The victim, who was in the fetal position, described his vision going blurry, feeling extreme pain, and not knowing whether he was standing or on the ground.
Senior Constable Baldam told the court he thought he would die and was only alive due to the heroism of his police partner, who intervened.
The footage also showed Cleary grabbing a police taser that had fallen to the ground and firing Constable Ringin with a single prong.
The man was eventually subdued with capsicum spray.
Judge Anne Hassan said the footage depicted Cleary arrive at the scene armed and angry.
"It was sickening to watch Senior Constable Baldam subjected to your repeated blows," she said.
"It is fortunate, given the viciousness of your assault, neither officers were more seriously injured."
During the incident, Cleary said he was the king and the officers were Roman dogs.
"I am evoking English common law. In the name of the lord Jesus Christ I command you to get off me," he said.
On Friday, Judge Hassan said she accepted the man had significant mental health issues, including a delusional schizo-type disorder.
Referring to a forensic psychiatric report, she said Cleary believed he was acting in self-defence at the time of the offending, and described police as private security guards rather than public health officers.
The judge said Cleary was under the delusional belief he was the king of Australia, Norway and other countries, that COVID-19 was a conspiracy and the mask mandate was unlawful.

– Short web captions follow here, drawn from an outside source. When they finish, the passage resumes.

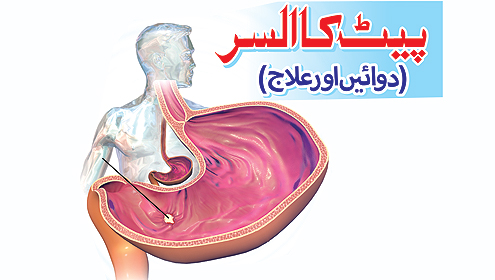  پیٹ کا السر (دوائیں اور علاج )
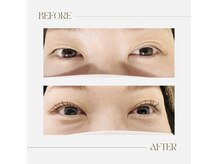 マーブル(marble)の雰囲気(目元のリフトアップ♪眼精疲労の方にもオススメです!)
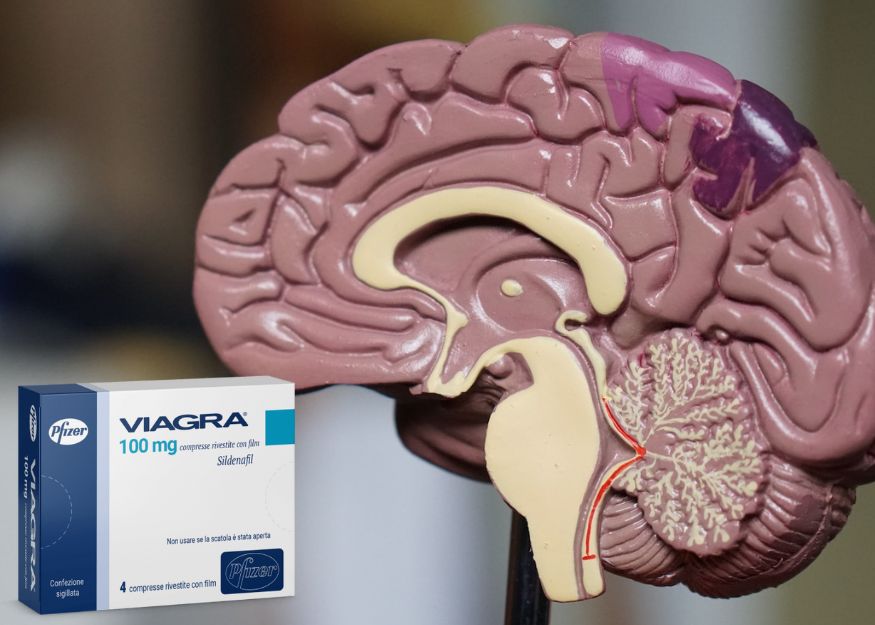 Kann Viagra gegen Alzheimer helfen?   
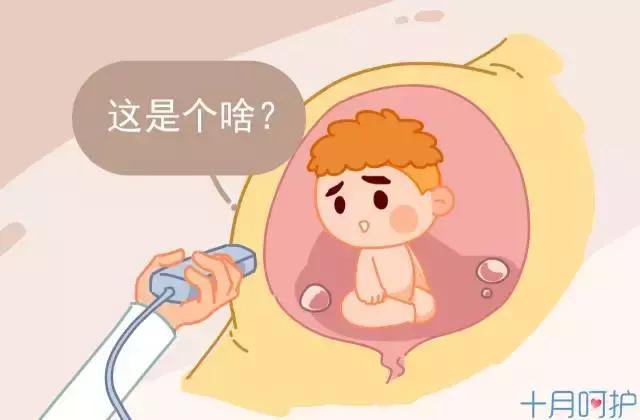 江门月子中心｜孕期腹痛不可轻视，谨慎是胎盘出了问题！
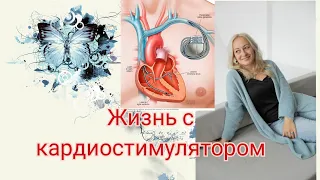 Жизнь с кардиостимулятором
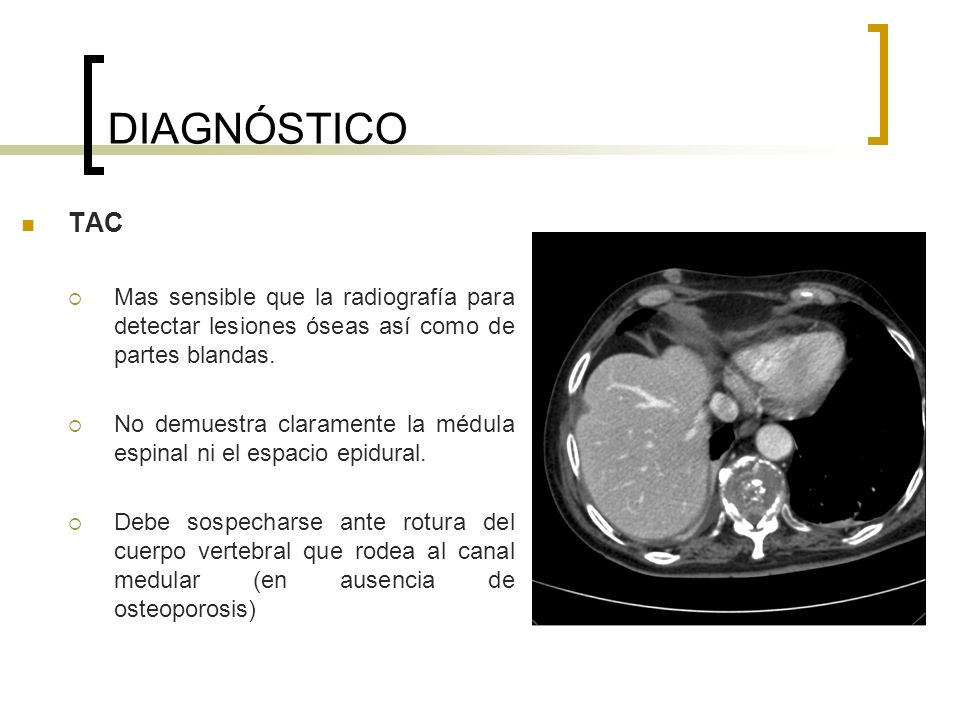 DIAGNÓSTICO TAC. Mas sensible que la radiografía para detectar lesiones óseas así como de partes blandas.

She said the forensic psychiatrist found Cleary was "significantly and persistently disabled" as a result of his conditions.
The court heard the psychiatric report showed Cleary's mental illness was directly linked to the commission of the violent attack as the man believed he was obliged to react to what he believed to be an illegitimate police force.
The man refuses to be prescribed medication, the court was told.
Judge Hassan accepted Cleary's delusions were directly linked to his offending, and jail would be more burdensome on him than those of sound mind.
But she said no matter how bizarre the underlying motivation was, deterrence wasn't wholly eliminated given the seriousness of the offending.
The judge said Cleary would have been jailed for five years and six months if not for his guilty plea.